COURT HOUSE

Location

123 MAIN STREET BACCHUS MARSH, MOORABOOL SHIRE

File Number

600715

Level

Registered

Statement of Significance

What is significant?
The Bacchus Marsh Court House was built in 1858-59. It was designed by Samuel White of the Public Works Department. White was employed as a draftsman with the Public Works Department from 1857 until 1863. The contractor was William Jackson. It replaced an earlier court house erected at nearby Maddingly in 1856-57, which survives as part of the local tennis club. Maddingly had been surveyed earlier as a township, but by the late 1850s Bacchus Marsh was showing stronger signs of growth. It developed from being merely a stop-over point on the way to the Ballarat goldfields in the 1850s to a thriving agricultural township in the late 1850s and 1860s.

The Bacchus Marsh Court House is an imposing two-storey building, with a single-storey side wing and hipped roof, constructed of local freestone (i.e. sandstone).
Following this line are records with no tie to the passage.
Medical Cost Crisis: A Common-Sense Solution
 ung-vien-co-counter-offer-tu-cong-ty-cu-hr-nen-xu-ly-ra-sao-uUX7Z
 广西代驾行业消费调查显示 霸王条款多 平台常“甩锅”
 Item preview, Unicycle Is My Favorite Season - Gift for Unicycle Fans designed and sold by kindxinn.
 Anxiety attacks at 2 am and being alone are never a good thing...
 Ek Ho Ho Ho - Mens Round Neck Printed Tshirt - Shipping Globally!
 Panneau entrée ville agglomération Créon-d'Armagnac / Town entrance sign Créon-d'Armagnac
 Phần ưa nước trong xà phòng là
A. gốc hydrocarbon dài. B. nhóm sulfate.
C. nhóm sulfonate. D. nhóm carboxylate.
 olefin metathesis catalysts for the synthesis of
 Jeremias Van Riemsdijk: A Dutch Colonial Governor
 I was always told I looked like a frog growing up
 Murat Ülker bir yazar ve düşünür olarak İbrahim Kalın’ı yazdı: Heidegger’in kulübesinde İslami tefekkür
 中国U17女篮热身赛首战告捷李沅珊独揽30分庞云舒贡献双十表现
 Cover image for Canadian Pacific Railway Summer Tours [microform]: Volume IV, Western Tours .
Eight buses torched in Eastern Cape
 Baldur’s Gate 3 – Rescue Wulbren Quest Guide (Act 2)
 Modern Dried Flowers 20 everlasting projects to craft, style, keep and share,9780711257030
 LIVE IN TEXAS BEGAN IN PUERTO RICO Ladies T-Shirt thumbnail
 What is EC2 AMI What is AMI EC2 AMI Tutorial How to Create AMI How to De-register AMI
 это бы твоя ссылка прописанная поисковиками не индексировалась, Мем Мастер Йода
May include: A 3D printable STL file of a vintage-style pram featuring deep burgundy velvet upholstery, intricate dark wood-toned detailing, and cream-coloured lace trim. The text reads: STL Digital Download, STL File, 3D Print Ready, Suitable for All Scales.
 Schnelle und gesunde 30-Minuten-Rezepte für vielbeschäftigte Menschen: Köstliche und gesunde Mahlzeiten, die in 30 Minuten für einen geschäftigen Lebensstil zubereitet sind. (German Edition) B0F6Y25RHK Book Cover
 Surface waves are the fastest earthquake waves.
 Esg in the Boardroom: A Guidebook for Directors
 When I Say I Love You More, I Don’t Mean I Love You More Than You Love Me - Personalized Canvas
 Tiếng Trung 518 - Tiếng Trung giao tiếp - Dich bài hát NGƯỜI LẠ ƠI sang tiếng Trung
It is designed in the Free Classical style. Notable elements include the fine timberwork to the concave verandah and slender verandah posts, stone quoining, slate roof, and original internal cedar fittings.

The building accommodated the Court of General Sessions and the County Court from 1860. The Victorian County Court, established in 1852, provided the second tier of jurisdiction in the colony. In 1862 the County Court was operating in 38 Victorian towns. Unlike regular courts of petty sessions, the building's function as a County Court required the provision of a separate witness room.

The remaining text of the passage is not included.